Era domingo de ramos. El marqués llevó a Sierva María a la misa de cinco, y ella recibió de buen ánimo la palma bendita sin saber para qué.
A la salida vieron amanecer desde la carroza.
El marqués en el asiento principal, con la maletita en las rodillas, y la niña impávida en el asiento de enfrente viendo pasar por la ventana las últimas calles de sus doce años. No había manifestado la mínima curiosidad por saber para dónde la llevaban vestida de Juana la Loca y con un sombrero de carcavera a una hora tan temprana. Al cabo de una larga meditación el marqués le preguntó:
—¿Sabes quién es Dios? —
La niña negó con la cabeza.
Había relámpagos y truenos remotos en el horizonte, el cielo estaba encapotado, y el mar áspero. A la vuelta de una esquina les salió al paso el convento de Santa Clara, blanco y solitario, con tres pisos de persianas azules sobre el muladar de una playa. El marqués lo señaló con el índice.
—Ahí lo tienes —, dijo. y después señaló a su izquierda: —Verás el mar a toda hora desde las ventanas —. Como la niña no le hizo caso, le dio la única explicación que le daría jamás sobre su destino:
—Vas a temperar unos días con las hermanitas de Santa Clara — .
Por ser domingo de ramos había en la puerta del torno más mendigos que de costumbre. Algunos leprosos que se disputaban con ellos las sobras de las cocinas se precipitaron también con la mano extendida hacia el marqués. Él les repartió limosnas exiguas, una a cada uno, hasta donde le alcanzaron los cuartillos. La tornera lo vio con sus tafetanes negros, y vio a la niña vestida de reina, y se abrió paso para atenderlos. El marqués le explicó que llevaba a Sierva María por orden del obispo. La tornera no lo dudó por el talante con que lo dijo.
Examinó el aspecto de la niña, y le quitó el sombrero.
—Aquí están prohibidos los sombreros —, dijo.
Se quedó con él. El marqués quiso darle también la maletita, y ella no la recibió:
—No le hará falta nada —.
La trenza mal prendida se desenrolló casi hasta el piso. La tornera no creyó que fuera natural. El marqués trató de enrollarla. La niña lo apartó, y se la arregló sin ayuda con una habilidad que sorprendió a la tornera.

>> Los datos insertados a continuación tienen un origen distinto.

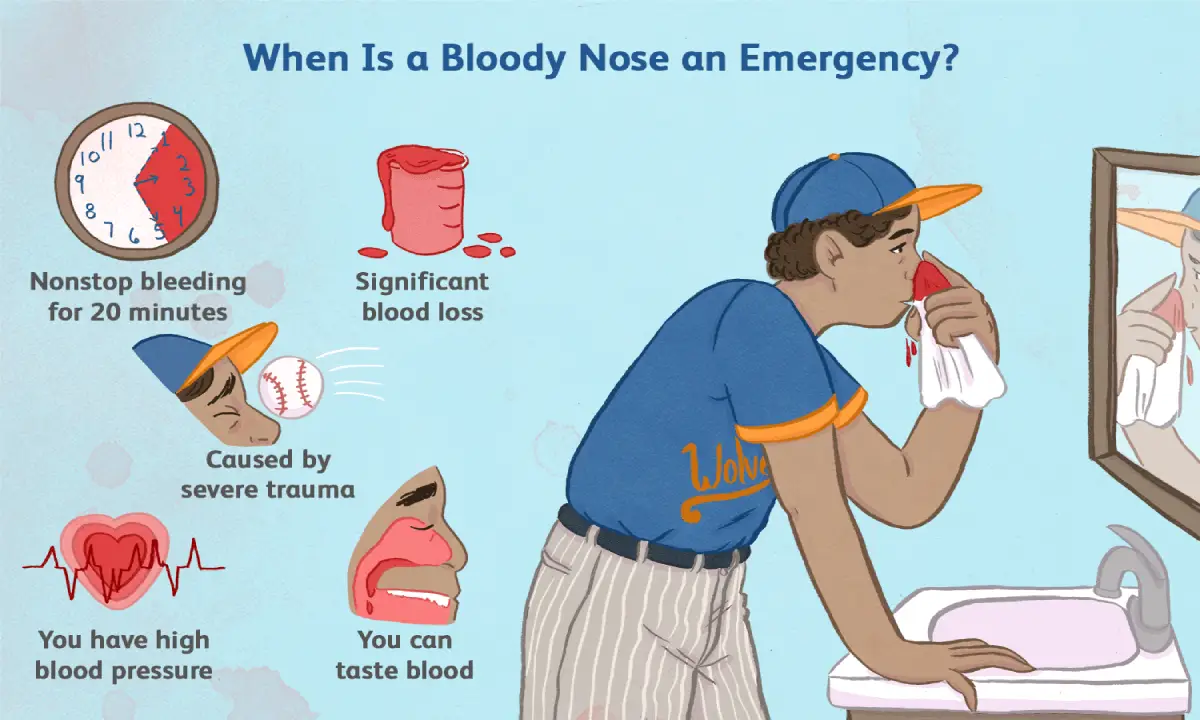 علت خون دماغ شدن از سوراخ چپ بینی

—Hay que cortársela —, dijo.
—Es una manda a la Santísima Virgen hasta el día que se case —, dijo el marqués.
La tornera se inclinó ante la razón. Tomó a la niña de la mano, sin darle tiempo para una despedida, y la pasó por el torno. Como el tobillo le dolía al caminar, la niña se quitó la chinela izquierda. El marqués la vio alejarse, cojeando del pie descalzo, y con la chinela en la mano. Esperó en vano que en un raro instante de piedad se volviera a mirarlo. El último recuerdo que tuvo de ella fue cuando acabó de atravesar la galería del jardín, arrastrando el pie lastimado, y desapareció en el pabellón de las enterradas vivas.